On Singleton(s)

I woke up this morning to a discussion on Twitter over how different implementations of the Singleton pattern compare. This is like comparing your Herpes: no matter whose is better or more efficient, you still have unsightly blisters.

Overview: wtf is a Singleton?

Singleton is one of the software design patterns originally collected in the famous Design Patterns: Elements of Reusable Object-Oriented Software by the “Gang of Four”. They describe the intent of the pattern thus:

Ensure a class only has one instance, and provide a global point of access to it.

The other useful source of design pattern information is Cocoa Design Patterns by Erik Buck and Don Yacktman. In addition to giving examples of Singleton found in the Foundation and AppKit frameworks, this book shows how to implement a Singleton class in Objective-C. The key features are:

  • A single access point to retrieve the single instance.
  • Initialization of the single instance.
  • Protection against accidentally creating another instance or deleting the single instance.

When would you use that?

Well here’s the thing: I won’t say that I “never would” use Singleton, but I will certainly say that it isn’t the most reached-for tool in my belt.

The usual reason is “this class models something of which there is only one thing”. This is the most absurd thing you’ll ever hear. There’s only one print spooler, so surely it must be a singleton. Right, that only works right up until the point where you need two print spoolers. When do you need a second print spooler? I’ll come onto that in the next section.

Similarly, just because there’s one filesystem, doesn’t necessarily mean that you only need one filesystem object. It certainly doesn’t mean you need to enforce there’s only one filesystem object.

Go on then, wise guy, when do you need the second singleton?

When you test the code that uses the first one. You don’t want your unit tests to talk to the real filesystem, or the real database, or the real print spool. You want your unit tests to use a Mock Object, which means they need the second, fake, instance of your filesystem object or whatever.

That’s the real problem with Singleton: often, in your app, it makes sense to provide a shared instance of an object (particularly one that has state relevant to the entire app).
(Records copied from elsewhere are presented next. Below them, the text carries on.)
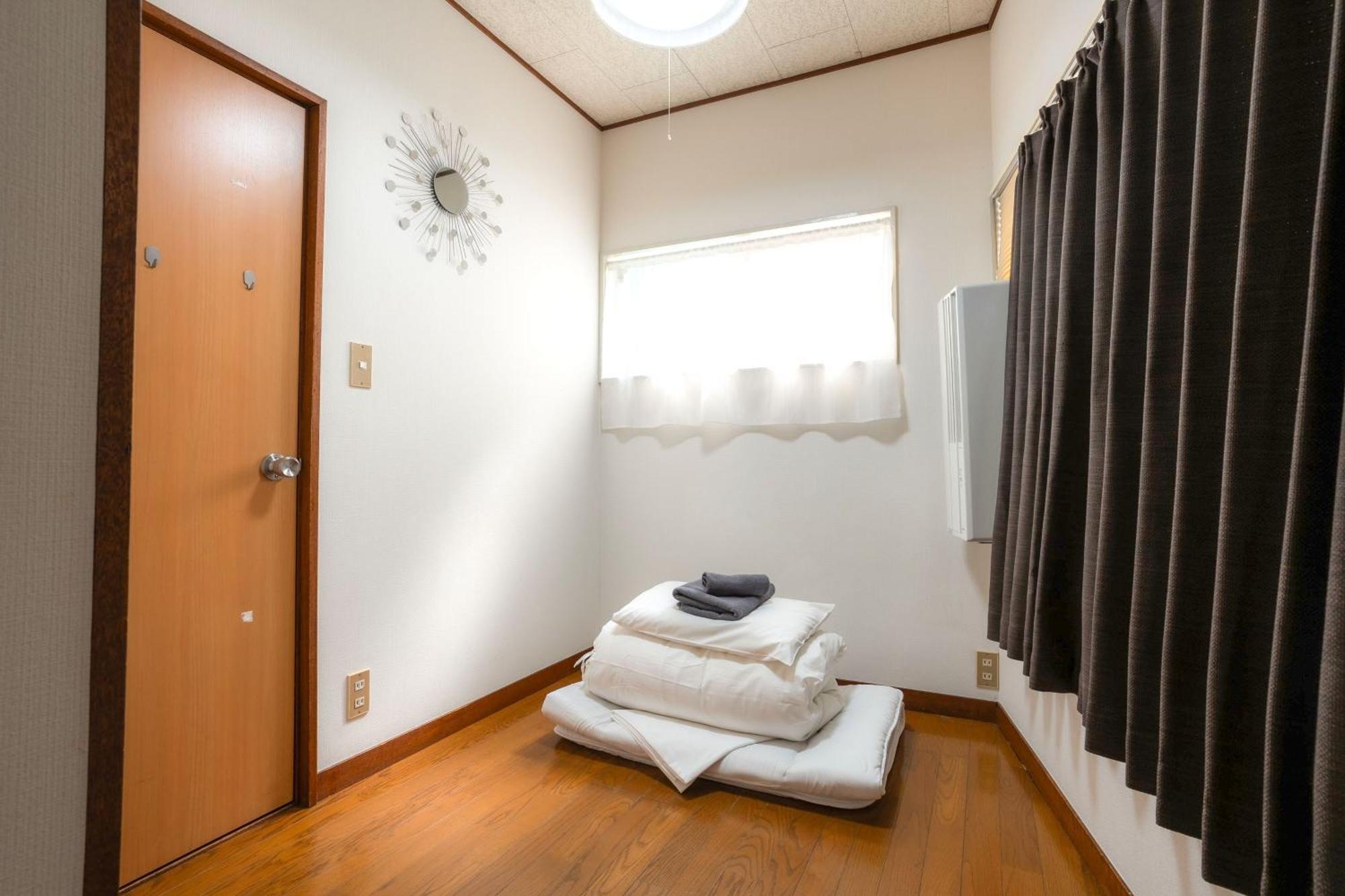 五十岚民宿 地铁站步行4分 免费高速 Wi-Fi Traditioncozy Japanese Villa In Ikebukuro 4Mins St With Hight Speed Wifi Tokyo Dış mekan fotoğraf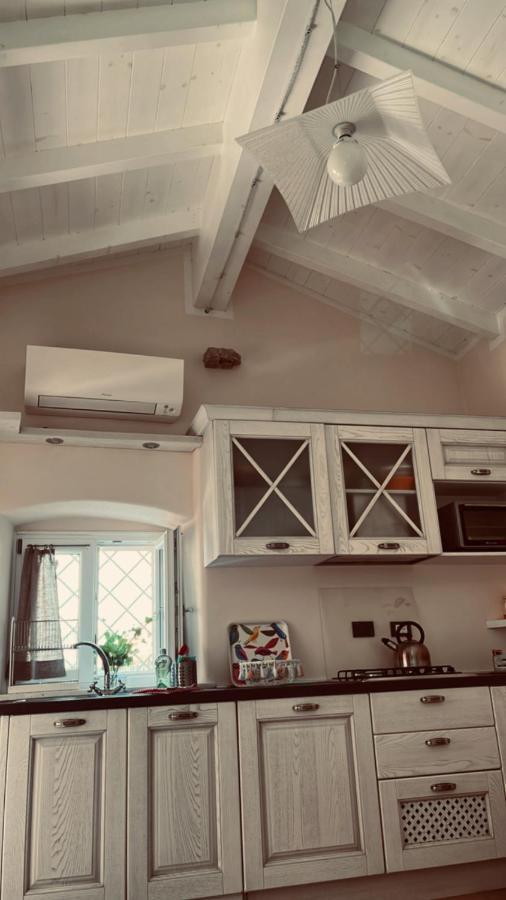 Holiday home La Tra Cinque Terre E Versilia *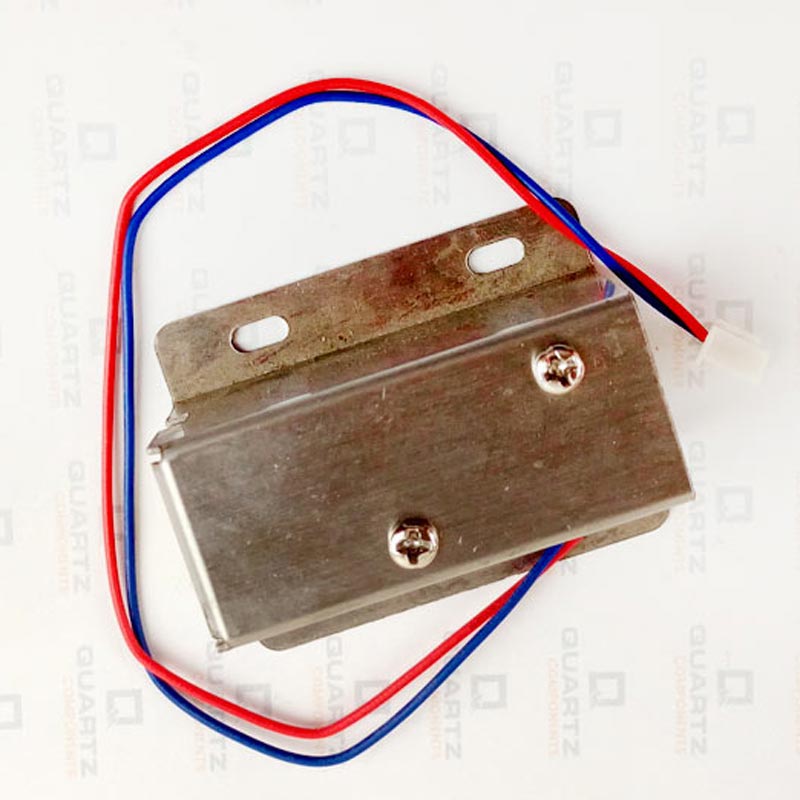 12V Solenoid DoorLock 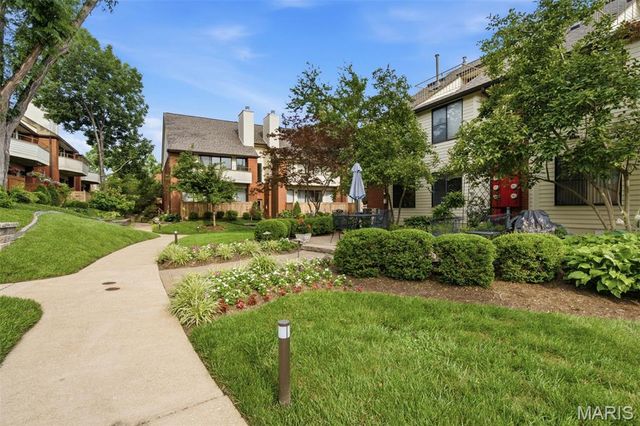 5575 Waterman Boulevard C, St Louis, MO 63112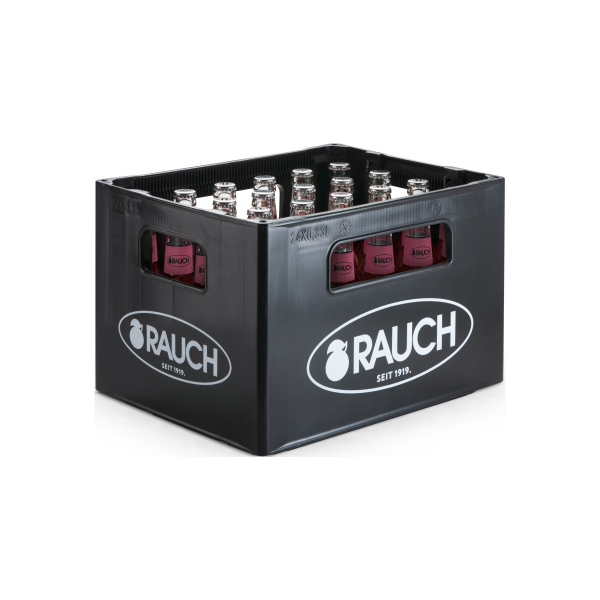 RhababerSchorle 24/0,33l Glas RAUCH günstig kaufen | MULTI Grosshandel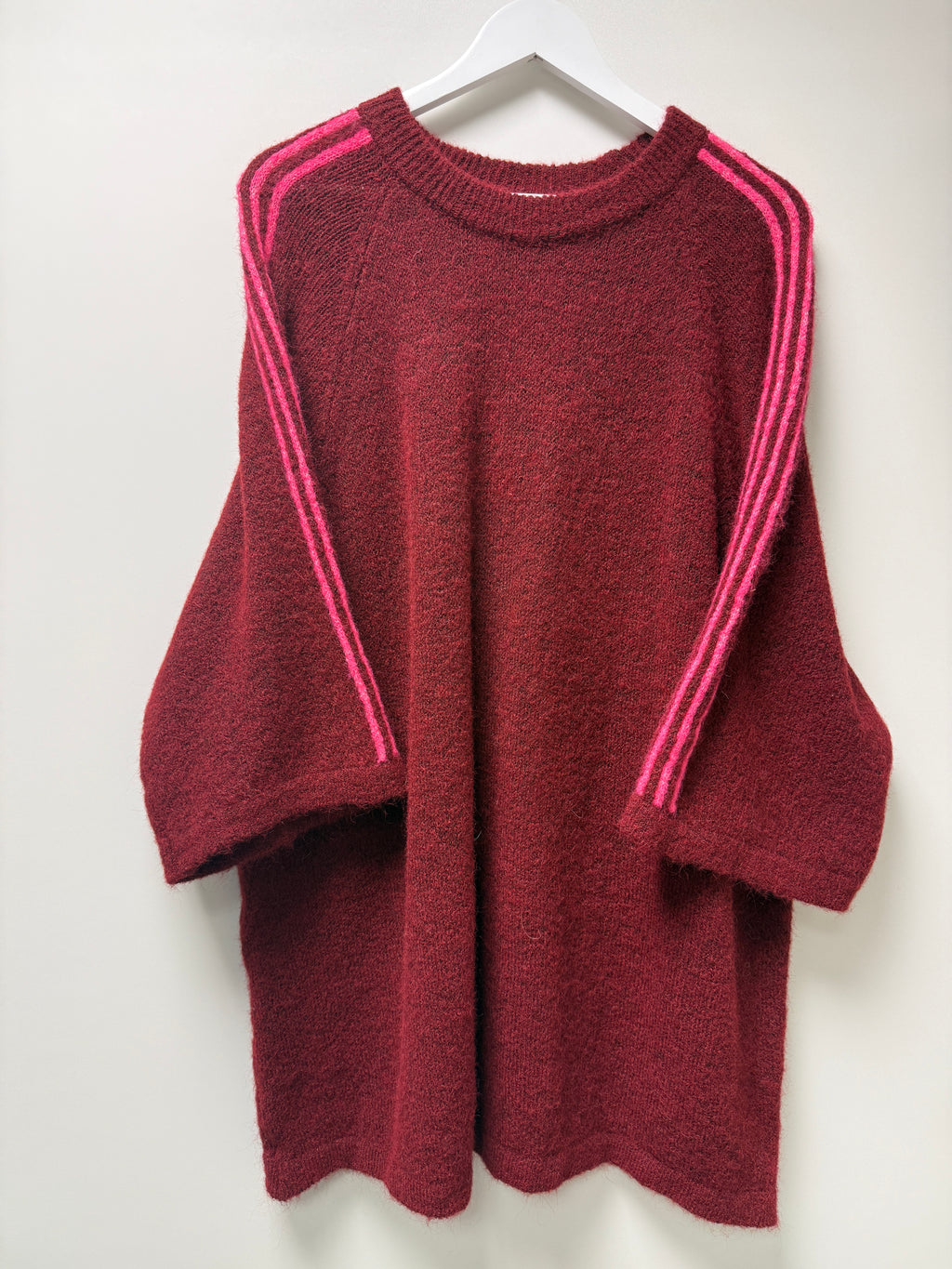 PULLOVER | MARLA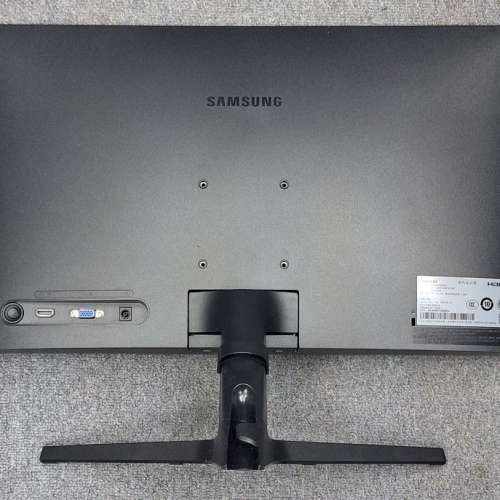 SAMSUNG S24R352FZC IPS 1080P 75hz 23.8英寸 Monitor 23.8" Freesync FHD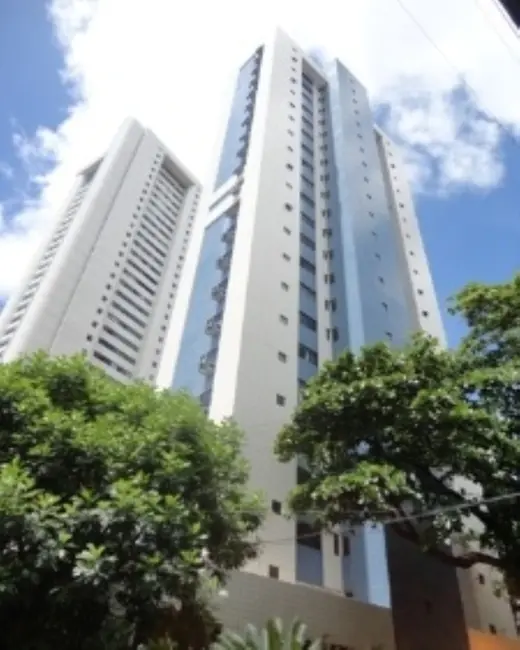 Foto 1 de Apartamento com 2 quartos à venda, 65m2 em Graças, Recife - PE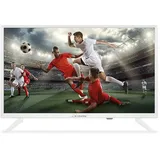 Strong HD LED TV 61 cm (24 Zoll) 24HZ4003NW, Triple Tuner - Weiß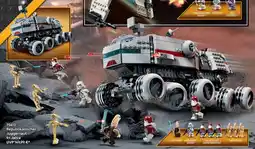 Lego 75413 Republikanischer Juggernaut 9+ Jahre Angebot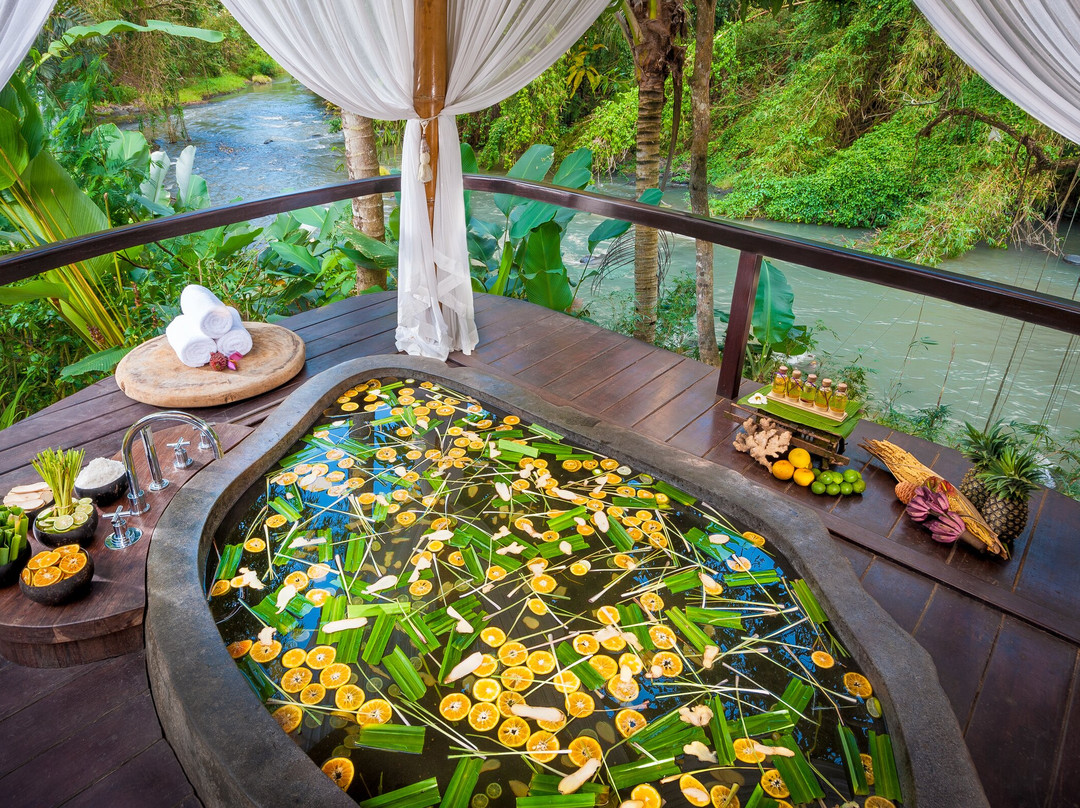 Fivelements Healing & Wellness景点图片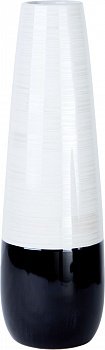 Ваза 12х12х39см Casaentera CE04-74-008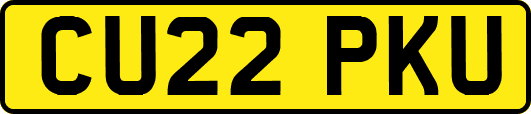 CU22PKU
However, that’s not the same as requiring that no-one ever create another instance of the object.

So how would you do it, then?

Let’s assume I have a need for an application-wide Framistan instance. I have a couple of options:

  • Create the usual +[Framistan sharedFramistan] class method, as Singleton implementers would, but not all that refcount-avoiding cruft that normally goes with it.
  • Create the method -[[NSApp delegate] sharedFramistan]. After all, I have a need for an application-wide instance, and that’s where stuff associated with the application lives.

The option I go for depends on whether I think a process needs a shared instance of the class, or whether I think this app does. Usually, the latter option gets implemented first, and I change it later when I come to write the second app that uses the same class.

Either way, when I need to use the shared instance, I use it like this:

[someFrobnicator abdjulateWithFramistan: [Framistan sharedFramistan]];

Passing the shared instance in means that I still get to pass in other instances, for example in a test I can do [testFrobnicator abdjulateWithFramistan: mockFramistan];.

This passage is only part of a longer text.